Tja, ich fuhr ja schön mit dem Falk-Navi für Wohnmobile und Caravans und das Teil schickte mich dann doch tatsächlich mitten rein nach Valencia – warum auch immer. Ich machte dann jedenfalls eine nette Stadtrundfahrt im abendlichen Verkehr. Mir machen Städte ja normalerweise nichts aus, aber so mit dem Wohnwagen hintendran und teilweise 5 spurigen Kreisverkehren war es schon ein bisschen heftig. Außerdem waren es vielleicht weniger Kilometer als außen rum, aber die Zeit………. Es war jedenfalls dann schon fast 20 Uhr. Egal – gab ja genug Campingplätze an der Küste. Aber die muss man mit meinem komischen Navi auch erreichen. Ich hatte mir einen Platz Camping San Vicente in Xeraco ausgesucht. Als erstes wollte mich das Naviding links abbiegen lassen auf der N332, wo abbiegen verboten war. Also bin ich weitergefahren. Dann schickte es mich irgendwann wieder komplett zurück und ich bog dort ab, wo es das wollte. Ohjee……… erst stand ich vor einer gesperrten Bahnschranke, an Drehen war nicht zu denken, aber da war ja noch eine Straße, die das Navi gut fand. Und so fand ich mich dann inmitten irgendwelcher Plantagen wieder und fuhr und fuhr und fuhr……die Straße war dann auch mehr ein geteerter Weg Zwischen den Plantagenund bei jeder Kurve musste ich aufpassen, dass der Wohnwagen nicht in einen der tiefen Gräben neben der Straße rutschte. Naja, irgendwann kam ich dann auch wieder in bewohntere Gegenden und gegen 20.40 fand ich den gesuchten Campingplatz. Auf wahnsinnig kleiner Fläche mit vielen Bäumen standen dicht gedrängt so einige Wohnwagen und Wohnmobile. Ich hatte nicht die Absicht, meinen Wohnwagen da irgendwie per Hand zwischen zu bugsieren, also wieder ab ins Auto und neuen Platz suchen. Was das Navi dann in dem Ort wieder veranstalten wollte, erspare ich euch jetzt. Ich bin dann lieber meinem Gefühl gefolgt.

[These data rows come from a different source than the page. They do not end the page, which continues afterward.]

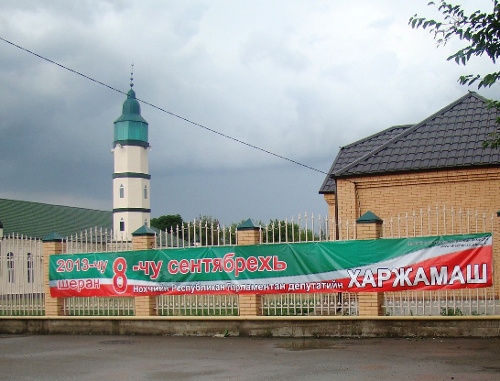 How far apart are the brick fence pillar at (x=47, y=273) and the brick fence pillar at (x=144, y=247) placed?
231 centimetres

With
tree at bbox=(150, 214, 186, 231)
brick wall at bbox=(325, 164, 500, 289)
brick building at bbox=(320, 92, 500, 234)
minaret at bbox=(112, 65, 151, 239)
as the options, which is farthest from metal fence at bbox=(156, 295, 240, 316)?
tree at bbox=(150, 214, 186, 231)

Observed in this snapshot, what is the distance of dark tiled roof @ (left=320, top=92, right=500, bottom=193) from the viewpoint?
1753cm

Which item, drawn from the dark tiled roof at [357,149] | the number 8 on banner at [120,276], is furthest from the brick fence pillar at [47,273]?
the dark tiled roof at [357,149]

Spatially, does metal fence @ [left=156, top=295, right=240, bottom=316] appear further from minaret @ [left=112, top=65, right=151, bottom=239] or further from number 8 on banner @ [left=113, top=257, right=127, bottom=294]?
minaret @ [left=112, top=65, right=151, bottom=239]

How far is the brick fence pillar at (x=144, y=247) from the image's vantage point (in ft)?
50.4

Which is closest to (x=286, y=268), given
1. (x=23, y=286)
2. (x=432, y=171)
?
(x=432, y=171)

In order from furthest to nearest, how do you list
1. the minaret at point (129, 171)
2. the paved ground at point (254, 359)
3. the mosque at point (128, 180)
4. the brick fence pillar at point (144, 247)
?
the minaret at point (129, 171), the mosque at point (128, 180), the brick fence pillar at point (144, 247), the paved ground at point (254, 359)

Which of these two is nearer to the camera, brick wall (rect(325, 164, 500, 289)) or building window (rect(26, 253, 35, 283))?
building window (rect(26, 253, 35, 283))

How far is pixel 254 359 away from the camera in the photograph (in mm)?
10922

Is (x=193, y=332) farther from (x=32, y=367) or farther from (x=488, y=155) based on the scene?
(x=488, y=155)

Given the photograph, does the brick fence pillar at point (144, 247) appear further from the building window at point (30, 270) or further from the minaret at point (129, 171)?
the minaret at point (129, 171)

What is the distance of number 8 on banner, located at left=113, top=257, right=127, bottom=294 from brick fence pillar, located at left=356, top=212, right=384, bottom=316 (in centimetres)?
561

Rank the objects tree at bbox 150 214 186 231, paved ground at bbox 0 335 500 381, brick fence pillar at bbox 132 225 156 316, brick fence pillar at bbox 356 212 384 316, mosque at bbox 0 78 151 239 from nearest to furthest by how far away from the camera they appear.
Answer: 1. paved ground at bbox 0 335 500 381
2. brick fence pillar at bbox 356 212 384 316
3. brick fence pillar at bbox 132 225 156 316
4. mosque at bbox 0 78 151 239
5. tree at bbox 150 214 186 231

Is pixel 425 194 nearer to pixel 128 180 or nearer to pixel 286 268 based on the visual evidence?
pixel 286 268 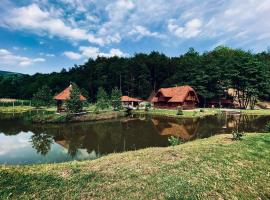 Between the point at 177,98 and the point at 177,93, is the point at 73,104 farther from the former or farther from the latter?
the point at 177,93

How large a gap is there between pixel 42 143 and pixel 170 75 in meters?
54.5

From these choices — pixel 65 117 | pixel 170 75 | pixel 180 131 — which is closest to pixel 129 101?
pixel 170 75

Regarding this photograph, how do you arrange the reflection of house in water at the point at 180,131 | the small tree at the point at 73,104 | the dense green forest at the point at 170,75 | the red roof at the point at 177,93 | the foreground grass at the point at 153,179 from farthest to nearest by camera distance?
the dense green forest at the point at 170,75
the red roof at the point at 177,93
the small tree at the point at 73,104
the reflection of house in water at the point at 180,131
the foreground grass at the point at 153,179

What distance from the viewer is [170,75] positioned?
69.2m

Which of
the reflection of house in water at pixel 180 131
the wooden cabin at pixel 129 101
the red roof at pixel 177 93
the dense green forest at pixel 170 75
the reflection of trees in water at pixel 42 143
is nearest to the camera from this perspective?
A: the reflection of trees in water at pixel 42 143

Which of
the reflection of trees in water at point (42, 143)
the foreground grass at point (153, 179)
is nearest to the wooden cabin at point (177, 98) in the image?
the reflection of trees in water at point (42, 143)

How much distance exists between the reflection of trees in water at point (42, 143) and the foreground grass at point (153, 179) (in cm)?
845

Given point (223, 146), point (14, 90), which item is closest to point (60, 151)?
point (223, 146)

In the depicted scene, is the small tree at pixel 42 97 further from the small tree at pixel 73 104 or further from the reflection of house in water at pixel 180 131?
the reflection of house in water at pixel 180 131

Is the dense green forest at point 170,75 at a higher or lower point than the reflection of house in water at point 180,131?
higher

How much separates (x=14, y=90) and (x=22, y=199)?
4020 inches

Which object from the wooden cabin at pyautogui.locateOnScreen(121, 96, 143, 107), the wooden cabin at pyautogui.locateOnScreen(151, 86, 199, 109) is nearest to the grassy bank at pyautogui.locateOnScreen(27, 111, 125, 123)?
the wooden cabin at pyautogui.locateOnScreen(121, 96, 143, 107)

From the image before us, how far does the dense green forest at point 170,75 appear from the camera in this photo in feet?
166

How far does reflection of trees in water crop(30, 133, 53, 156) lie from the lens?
17.2 m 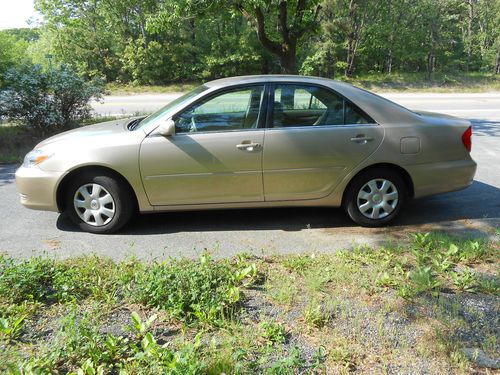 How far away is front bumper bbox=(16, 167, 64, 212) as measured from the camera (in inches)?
175

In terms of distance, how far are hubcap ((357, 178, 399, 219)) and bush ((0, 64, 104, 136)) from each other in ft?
22.9

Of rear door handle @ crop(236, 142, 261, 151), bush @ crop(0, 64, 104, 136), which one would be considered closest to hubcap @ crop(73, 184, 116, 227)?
rear door handle @ crop(236, 142, 261, 151)

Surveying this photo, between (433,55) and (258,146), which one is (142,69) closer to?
(433,55)

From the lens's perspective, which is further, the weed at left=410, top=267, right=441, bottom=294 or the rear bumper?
the rear bumper

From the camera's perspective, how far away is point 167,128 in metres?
4.36

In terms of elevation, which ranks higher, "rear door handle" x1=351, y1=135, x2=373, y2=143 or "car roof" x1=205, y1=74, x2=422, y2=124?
"car roof" x1=205, y1=74, x2=422, y2=124

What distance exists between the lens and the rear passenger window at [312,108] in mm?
4604

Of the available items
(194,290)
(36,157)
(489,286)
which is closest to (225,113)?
(36,157)

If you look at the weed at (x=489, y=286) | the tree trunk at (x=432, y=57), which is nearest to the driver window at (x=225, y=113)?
the weed at (x=489, y=286)

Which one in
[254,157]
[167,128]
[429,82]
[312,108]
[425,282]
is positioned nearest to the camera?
[425,282]

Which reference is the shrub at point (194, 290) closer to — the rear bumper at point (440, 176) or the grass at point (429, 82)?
the rear bumper at point (440, 176)

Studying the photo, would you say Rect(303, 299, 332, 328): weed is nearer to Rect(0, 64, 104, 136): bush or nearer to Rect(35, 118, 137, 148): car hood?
Rect(35, 118, 137, 148): car hood

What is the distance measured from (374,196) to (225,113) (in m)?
1.86

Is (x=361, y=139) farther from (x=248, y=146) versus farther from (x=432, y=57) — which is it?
(x=432, y=57) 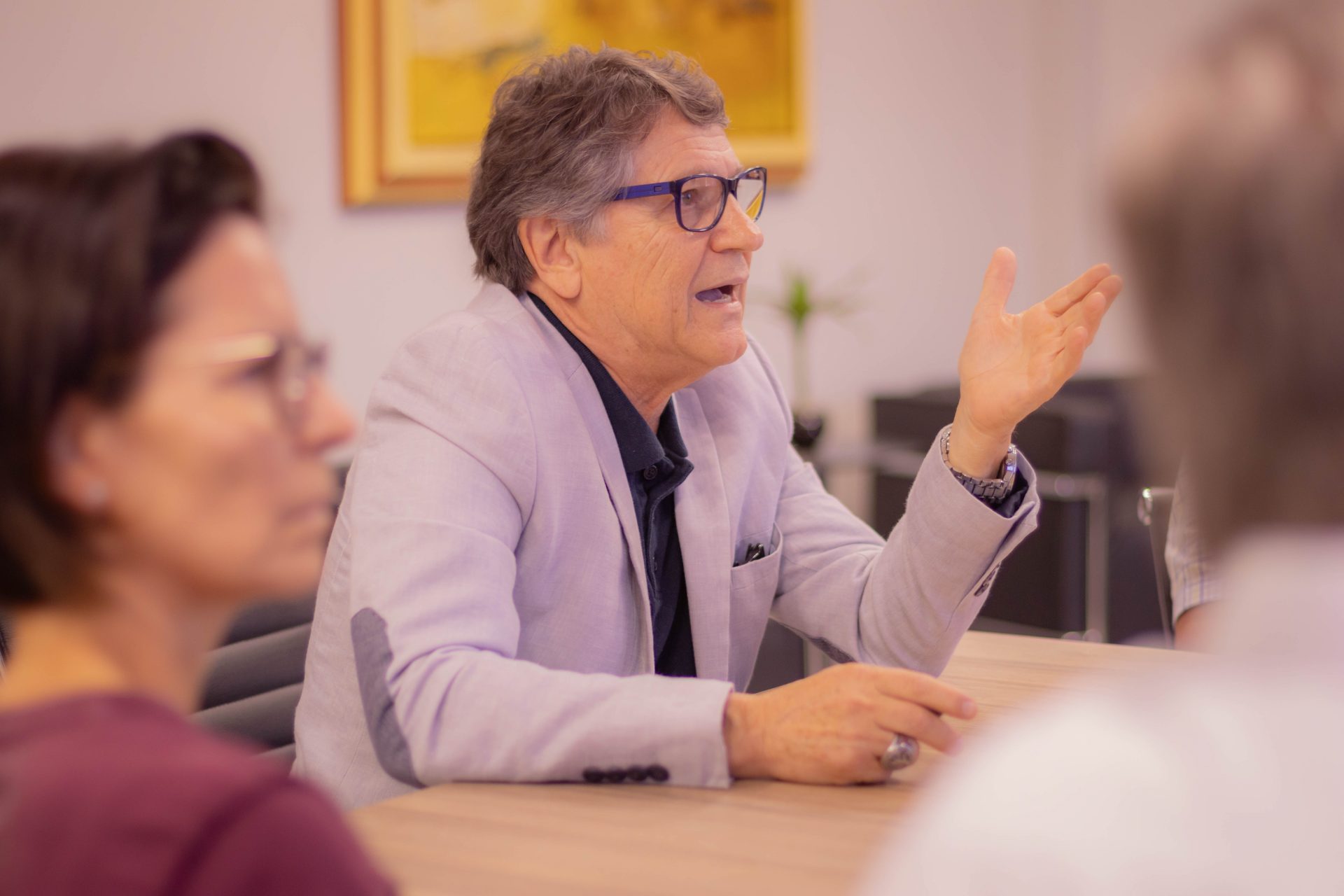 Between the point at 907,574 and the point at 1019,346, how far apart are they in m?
0.32

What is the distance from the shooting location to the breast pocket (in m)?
1.82

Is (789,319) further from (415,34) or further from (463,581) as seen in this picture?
(463,581)

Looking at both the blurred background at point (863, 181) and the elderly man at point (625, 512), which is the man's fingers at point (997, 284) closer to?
the elderly man at point (625, 512)

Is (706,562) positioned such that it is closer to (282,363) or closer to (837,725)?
(837,725)

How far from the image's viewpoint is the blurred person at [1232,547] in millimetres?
550

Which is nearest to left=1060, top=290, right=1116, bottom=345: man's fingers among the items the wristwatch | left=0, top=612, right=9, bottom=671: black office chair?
the wristwatch

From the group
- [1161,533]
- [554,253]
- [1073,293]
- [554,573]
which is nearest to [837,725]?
[554,573]

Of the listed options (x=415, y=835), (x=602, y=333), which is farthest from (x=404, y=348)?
(x=415, y=835)

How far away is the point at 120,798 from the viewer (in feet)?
1.98

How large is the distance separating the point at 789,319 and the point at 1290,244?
4.23 meters

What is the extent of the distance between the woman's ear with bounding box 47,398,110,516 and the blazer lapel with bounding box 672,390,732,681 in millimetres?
1087

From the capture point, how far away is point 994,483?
64.8 inches

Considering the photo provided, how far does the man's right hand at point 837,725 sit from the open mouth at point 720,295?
0.72 m

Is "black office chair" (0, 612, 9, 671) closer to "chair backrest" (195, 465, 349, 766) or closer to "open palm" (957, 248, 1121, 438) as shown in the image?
"chair backrest" (195, 465, 349, 766) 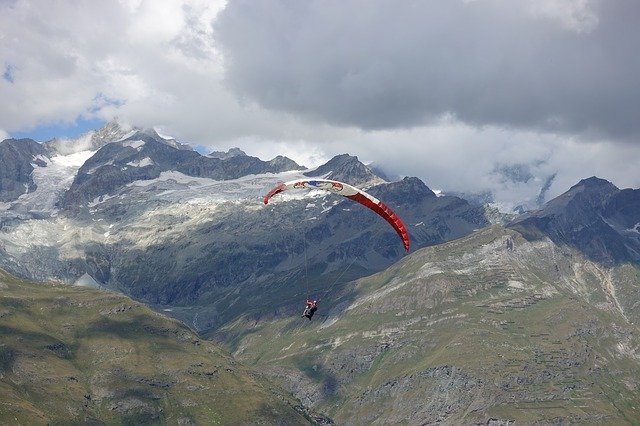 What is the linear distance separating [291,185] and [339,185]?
11162 millimetres

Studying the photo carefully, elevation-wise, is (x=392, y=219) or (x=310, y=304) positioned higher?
(x=392, y=219)

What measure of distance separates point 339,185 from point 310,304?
2874cm

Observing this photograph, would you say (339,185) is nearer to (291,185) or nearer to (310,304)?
(291,185)

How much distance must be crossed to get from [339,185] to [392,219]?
1437 centimetres

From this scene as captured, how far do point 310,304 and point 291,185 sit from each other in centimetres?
2863

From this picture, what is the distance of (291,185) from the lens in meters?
193

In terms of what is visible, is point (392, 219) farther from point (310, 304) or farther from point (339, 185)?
point (310, 304)

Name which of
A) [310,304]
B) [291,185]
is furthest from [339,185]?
[310,304]

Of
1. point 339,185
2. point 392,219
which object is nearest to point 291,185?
point 339,185

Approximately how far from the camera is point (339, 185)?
196 m

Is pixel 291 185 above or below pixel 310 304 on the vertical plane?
above

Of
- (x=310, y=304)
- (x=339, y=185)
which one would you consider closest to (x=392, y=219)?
(x=339, y=185)

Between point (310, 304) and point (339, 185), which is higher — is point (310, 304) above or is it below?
below

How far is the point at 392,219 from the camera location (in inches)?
7662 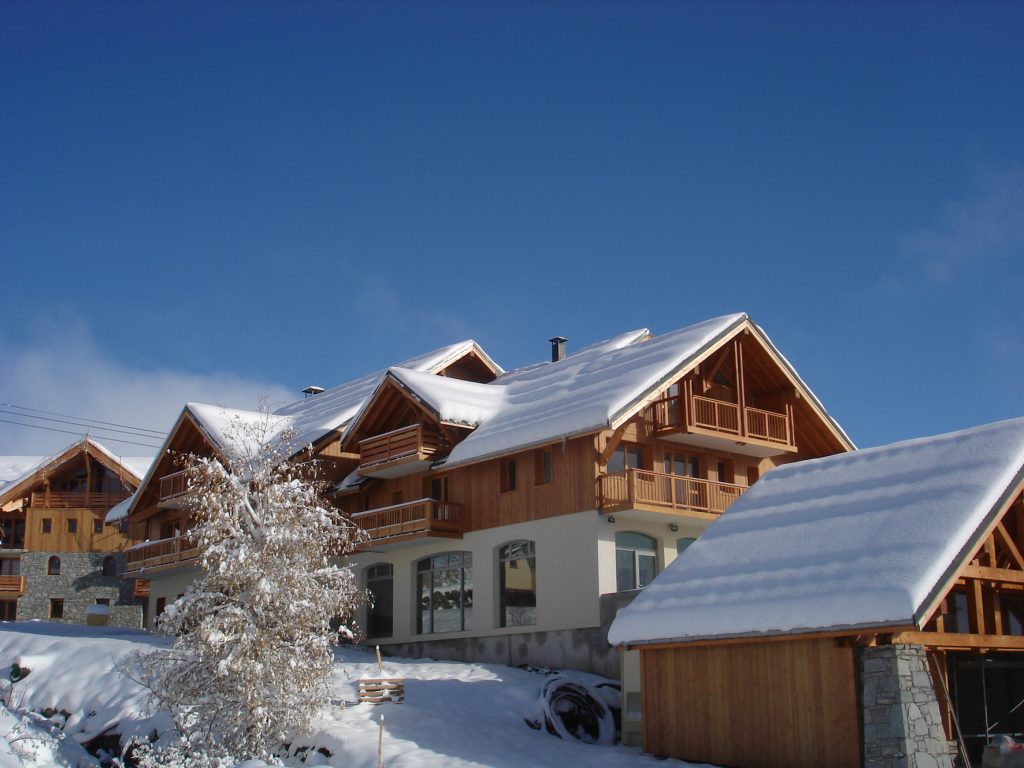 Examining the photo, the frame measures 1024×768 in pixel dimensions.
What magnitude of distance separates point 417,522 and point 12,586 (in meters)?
30.9

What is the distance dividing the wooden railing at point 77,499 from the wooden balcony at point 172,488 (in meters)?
15.0

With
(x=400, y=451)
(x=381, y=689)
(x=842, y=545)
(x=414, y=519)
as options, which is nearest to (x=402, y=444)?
(x=400, y=451)

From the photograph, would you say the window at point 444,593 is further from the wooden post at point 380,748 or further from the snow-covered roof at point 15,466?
the snow-covered roof at point 15,466

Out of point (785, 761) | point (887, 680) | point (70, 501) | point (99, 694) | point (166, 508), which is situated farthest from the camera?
point (70, 501)

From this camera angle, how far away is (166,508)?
45250 millimetres

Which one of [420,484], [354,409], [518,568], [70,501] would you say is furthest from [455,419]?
[70,501]

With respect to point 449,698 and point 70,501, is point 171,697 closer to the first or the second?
point 449,698

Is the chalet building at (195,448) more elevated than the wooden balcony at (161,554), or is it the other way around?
the chalet building at (195,448)

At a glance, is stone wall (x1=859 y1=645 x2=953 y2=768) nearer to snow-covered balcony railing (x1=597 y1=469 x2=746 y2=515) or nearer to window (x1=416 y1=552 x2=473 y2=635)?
snow-covered balcony railing (x1=597 y1=469 x2=746 y2=515)

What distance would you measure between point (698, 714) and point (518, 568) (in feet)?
41.4

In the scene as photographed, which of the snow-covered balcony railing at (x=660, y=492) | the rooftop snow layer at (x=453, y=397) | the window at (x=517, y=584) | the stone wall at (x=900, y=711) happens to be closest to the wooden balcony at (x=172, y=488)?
the rooftop snow layer at (x=453, y=397)

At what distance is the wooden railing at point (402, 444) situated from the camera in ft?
113

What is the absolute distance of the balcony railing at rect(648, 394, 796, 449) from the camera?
3253cm

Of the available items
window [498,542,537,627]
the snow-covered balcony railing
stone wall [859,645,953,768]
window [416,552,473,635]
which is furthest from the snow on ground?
the snow-covered balcony railing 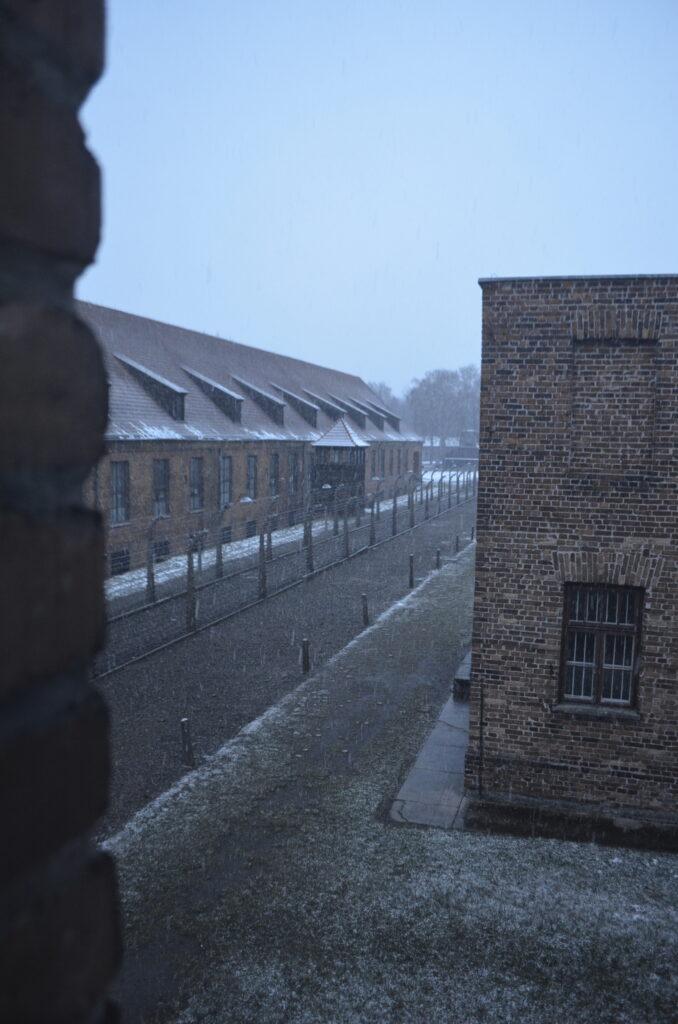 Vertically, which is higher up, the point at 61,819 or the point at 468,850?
the point at 61,819

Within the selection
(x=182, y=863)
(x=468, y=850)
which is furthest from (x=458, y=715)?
(x=182, y=863)

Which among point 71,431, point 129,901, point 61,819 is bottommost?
point 129,901

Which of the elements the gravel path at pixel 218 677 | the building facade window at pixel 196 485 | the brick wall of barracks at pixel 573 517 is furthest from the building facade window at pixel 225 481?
the brick wall of barracks at pixel 573 517

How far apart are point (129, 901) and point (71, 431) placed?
917 cm

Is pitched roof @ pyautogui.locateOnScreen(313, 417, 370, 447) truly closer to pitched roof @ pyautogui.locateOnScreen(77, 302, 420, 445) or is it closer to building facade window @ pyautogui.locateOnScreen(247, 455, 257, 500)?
pitched roof @ pyautogui.locateOnScreen(77, 302, 420, 445)

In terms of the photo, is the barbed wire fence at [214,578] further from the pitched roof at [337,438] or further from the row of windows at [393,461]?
the row of windows at [393,461]

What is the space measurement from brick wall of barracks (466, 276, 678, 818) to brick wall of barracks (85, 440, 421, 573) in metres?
13.9

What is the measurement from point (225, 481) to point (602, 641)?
964 inches

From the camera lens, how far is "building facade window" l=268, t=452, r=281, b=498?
123 ft

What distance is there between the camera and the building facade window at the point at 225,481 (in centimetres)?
3256

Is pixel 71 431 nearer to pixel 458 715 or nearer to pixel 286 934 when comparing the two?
pixel 286 934

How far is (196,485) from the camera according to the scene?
3075cm

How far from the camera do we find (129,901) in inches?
340

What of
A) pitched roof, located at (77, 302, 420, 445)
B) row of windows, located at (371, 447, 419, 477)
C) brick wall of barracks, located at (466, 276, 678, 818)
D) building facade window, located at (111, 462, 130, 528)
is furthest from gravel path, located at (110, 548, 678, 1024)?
row of windows, located at (371, 447, 419, 477) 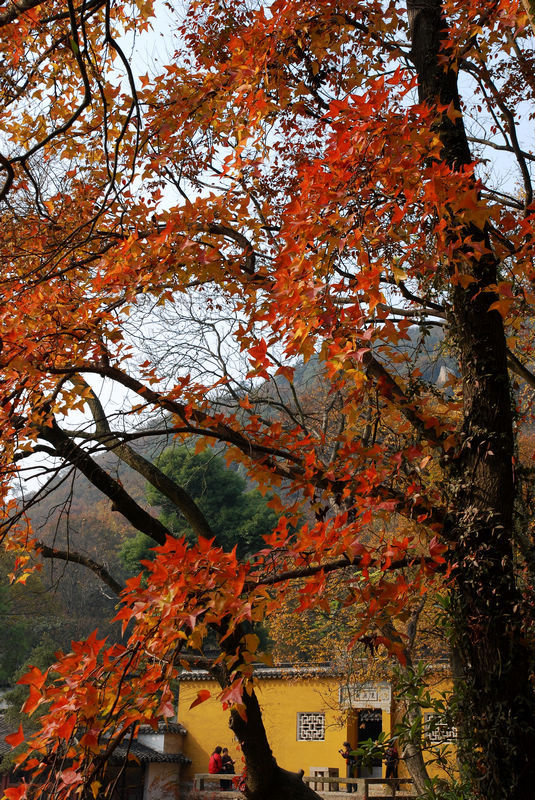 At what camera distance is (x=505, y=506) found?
325cm

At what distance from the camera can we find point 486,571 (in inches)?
122

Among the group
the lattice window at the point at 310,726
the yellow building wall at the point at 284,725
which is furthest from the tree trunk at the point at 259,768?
the lattice window at the point at 310,726

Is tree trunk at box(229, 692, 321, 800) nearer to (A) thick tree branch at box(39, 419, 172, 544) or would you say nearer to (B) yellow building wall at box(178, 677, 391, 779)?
(A) thick tree branch at box(39, 419, 172, 544)

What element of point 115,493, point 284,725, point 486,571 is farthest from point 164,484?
point 284,725

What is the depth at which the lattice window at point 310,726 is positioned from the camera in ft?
48.6

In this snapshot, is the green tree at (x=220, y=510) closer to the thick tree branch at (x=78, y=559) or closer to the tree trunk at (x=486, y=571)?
the thick tree branch at (x=78, y=559)

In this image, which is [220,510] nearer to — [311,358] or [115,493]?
[115,493]

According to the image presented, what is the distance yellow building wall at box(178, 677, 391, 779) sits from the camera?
47.5ft

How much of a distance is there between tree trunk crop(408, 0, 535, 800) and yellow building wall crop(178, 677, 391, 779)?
1143cm

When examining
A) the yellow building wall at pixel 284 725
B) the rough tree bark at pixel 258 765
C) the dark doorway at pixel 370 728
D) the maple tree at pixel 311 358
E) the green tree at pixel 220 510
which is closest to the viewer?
the maple tree at pixel 311 358

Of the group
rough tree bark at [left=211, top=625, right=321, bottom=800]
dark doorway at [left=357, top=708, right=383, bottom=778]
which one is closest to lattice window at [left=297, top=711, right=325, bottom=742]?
dark doorway at [left=357, top=708, right=383, bottom=778]

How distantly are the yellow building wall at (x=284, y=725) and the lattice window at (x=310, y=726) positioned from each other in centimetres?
8

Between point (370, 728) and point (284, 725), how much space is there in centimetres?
258

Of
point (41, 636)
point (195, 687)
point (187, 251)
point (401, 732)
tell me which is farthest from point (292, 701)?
point (187, 251)
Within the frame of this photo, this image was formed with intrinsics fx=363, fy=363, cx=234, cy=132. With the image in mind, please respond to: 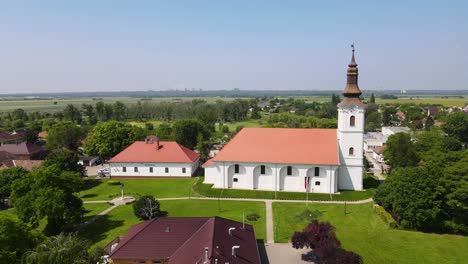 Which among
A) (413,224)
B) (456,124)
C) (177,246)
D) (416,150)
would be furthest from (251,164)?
(456,124)

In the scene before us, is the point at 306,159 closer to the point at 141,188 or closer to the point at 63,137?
the point at 141,188

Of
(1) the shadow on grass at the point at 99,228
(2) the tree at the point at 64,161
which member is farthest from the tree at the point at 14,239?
(2) the tree at the point at 64,161

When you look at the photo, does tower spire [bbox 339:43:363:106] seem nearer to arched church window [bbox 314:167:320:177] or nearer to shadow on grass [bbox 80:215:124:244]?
arched church window [bbox 314:167:320:177]

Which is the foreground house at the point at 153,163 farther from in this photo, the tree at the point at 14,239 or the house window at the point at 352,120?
the tree at the point at 14,239

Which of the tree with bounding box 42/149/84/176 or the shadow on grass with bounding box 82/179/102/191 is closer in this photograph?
the tree with bounding box 42/149/84/176

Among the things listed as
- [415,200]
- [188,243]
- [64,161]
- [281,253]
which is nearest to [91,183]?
[64,161]

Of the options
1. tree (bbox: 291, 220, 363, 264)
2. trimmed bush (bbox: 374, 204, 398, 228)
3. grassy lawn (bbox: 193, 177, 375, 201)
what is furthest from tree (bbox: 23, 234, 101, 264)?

Normalerweise habe ich ja auch immer so richtige Karten wie früher dabei……. Aber diese Tour ist ja nun mal nicht normal.

Campingplatz L´Alqueria

Auf jeden Fall fand ich dann in Gandia den Campingplatz L´Alqueria. Eigentlich war der mit Ausnahme weniger Plätze rappelvoll und diese Plätze waren auch noch so eng, dass ich hätte abkoppeln und auch wieder bugsieren müsste. Aber die Damen an der Rezeption waren supernett: Ich durfte mich auf PKW-Parkplätze stellen und sie liehen mir sogar eine Kabeltrommel, weil ich nur ein relativ kurzes Kabel dabei hatte.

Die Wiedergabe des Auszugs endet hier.